Rapp nodded. “Who is he?”
“Ahmed Abdel Lah. Twenty-four, born in Casablanca, spent the last three years in Afghanistan and Pakistan.”
“And you’re sure he’s still alive?”
“As sure as one could be considering the situation.”
“How?”
“He sent his brother an email yesterday.”
Rapp lifted his eyes from the photograph of Ahmed. He had a you-have-to-be-kidding-me expression on his face. “What did he say?”
“He told his brother not to worry. That he is alive and well and that his mission was a total success.”
“Did you get a fix on it?”
She shook her head. “Only that it originated from a server in America.”
“What about the other two?”
“We have some ideas, but I think George should fill you in on what he has found out first.”
Butler cleared his throat and said, “We think we know how they funded their operation.”
“Saudis.” Rapp had found over the years that nine out of ten times the money trail led back to Saudi Arabia.
“No. Surprisingly enough, we think it was South American drug money.”
This piece of information caught Rapp off guard. “Are you sure?”
“Yes,” Butler continued. “I’ve been able to piece together a strange string of events which I think will explain how this cell managed to get into your country.”

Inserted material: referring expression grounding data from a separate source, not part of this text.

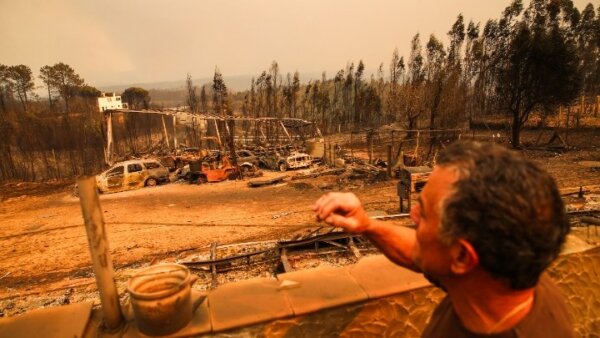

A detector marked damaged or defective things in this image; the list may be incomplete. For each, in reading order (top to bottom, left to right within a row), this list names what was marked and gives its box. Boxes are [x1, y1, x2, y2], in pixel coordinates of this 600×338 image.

burned white car [74, 160, 169, 195]
burned car [77, 159, 169, 194]
burned car [258, 151, 314, 172]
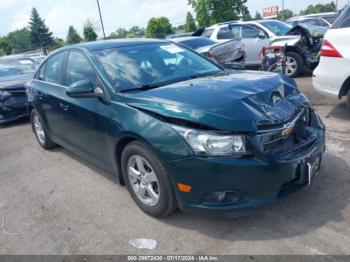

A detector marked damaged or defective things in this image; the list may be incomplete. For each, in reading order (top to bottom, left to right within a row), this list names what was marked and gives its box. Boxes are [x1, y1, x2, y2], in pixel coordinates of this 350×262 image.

wrecked car [171, 35, 245, 69]
wrecked car [0, 55, 37, 125]
wrecked car [26, 39, 326, 218]
damaged hood [121, 71, 308, 132]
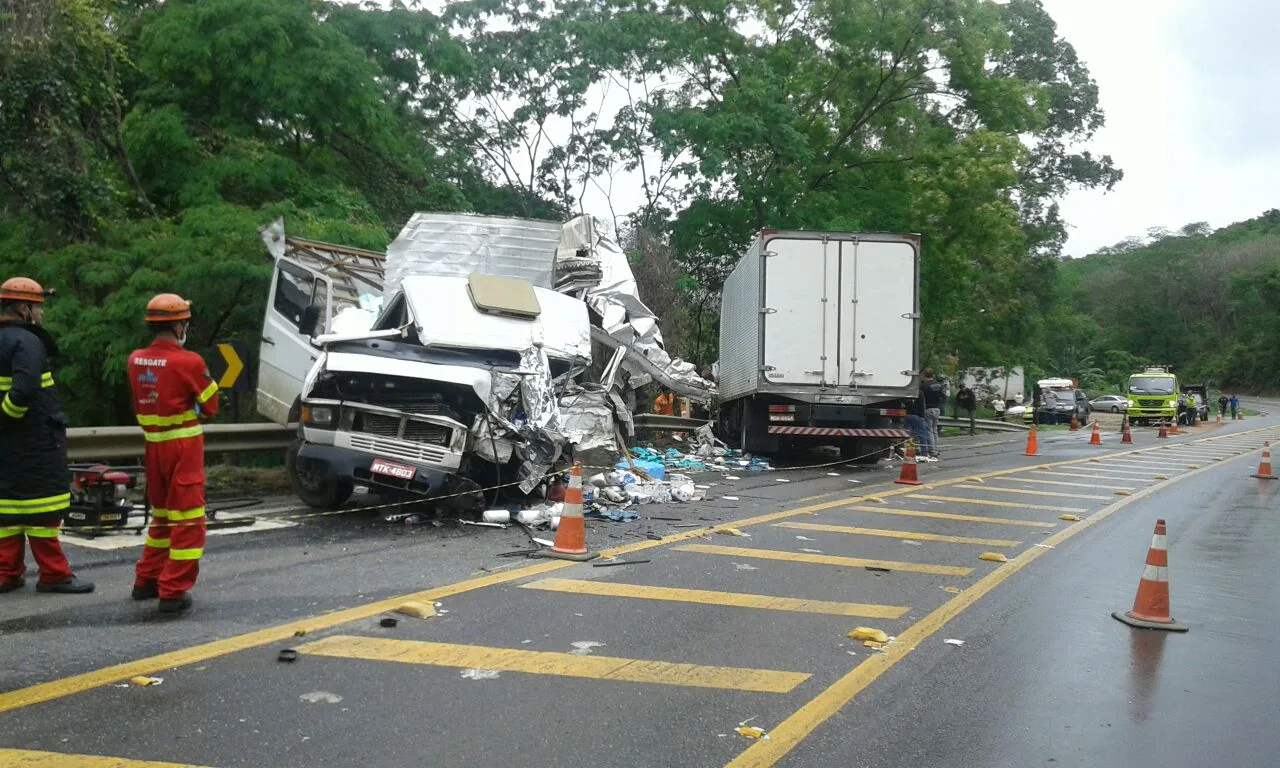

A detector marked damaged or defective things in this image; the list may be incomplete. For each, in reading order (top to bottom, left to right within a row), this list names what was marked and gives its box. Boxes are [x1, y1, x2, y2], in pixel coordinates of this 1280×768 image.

crumpled metal panel [378, 216, 560, 299]
wrecked white truck [249, 212, 711, 509]
crumpled metal panel [558, 212, 716, 399]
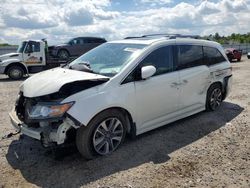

“South American drug money?” Rapp repeated himself, still not quite buying the idea. They had looked into the possibility years ago due to the opium trade coming out of Afghanistan and Southeast Asia. The rationale was that if the cartels could run drugs and sneak them into the country, they could easily do the same with terrorists. “They’re all Catholic down there,” Rapp said, referring to South and Central
America. “And I mean old-school Catholic. The Church has made it very clear that it’s their continent, and the Muslims aren’t welcome. As strange as it sounds, the cartels are very loyal to the Church on this issue. Plus it would be bad for their business if we found out they aided a terrorist group. The leaders know it’d be a good way to get a two-thousand-pound bomb dropped on their heads.”
“I’ve seen the same reports, and I agree with your assessment,” Butler said, “but this is something different. This third cell,” Butler said in an admiring tone, “they’re smart. They decided to do something none of them have tried before.”
“What’s that?”
“They unplugged.”
“Unplugged?” Rapp asked with a puzzled look. “What in the hell is that supposed to mean?”
“They cut all ties to al Qaeda. Strict operational security.”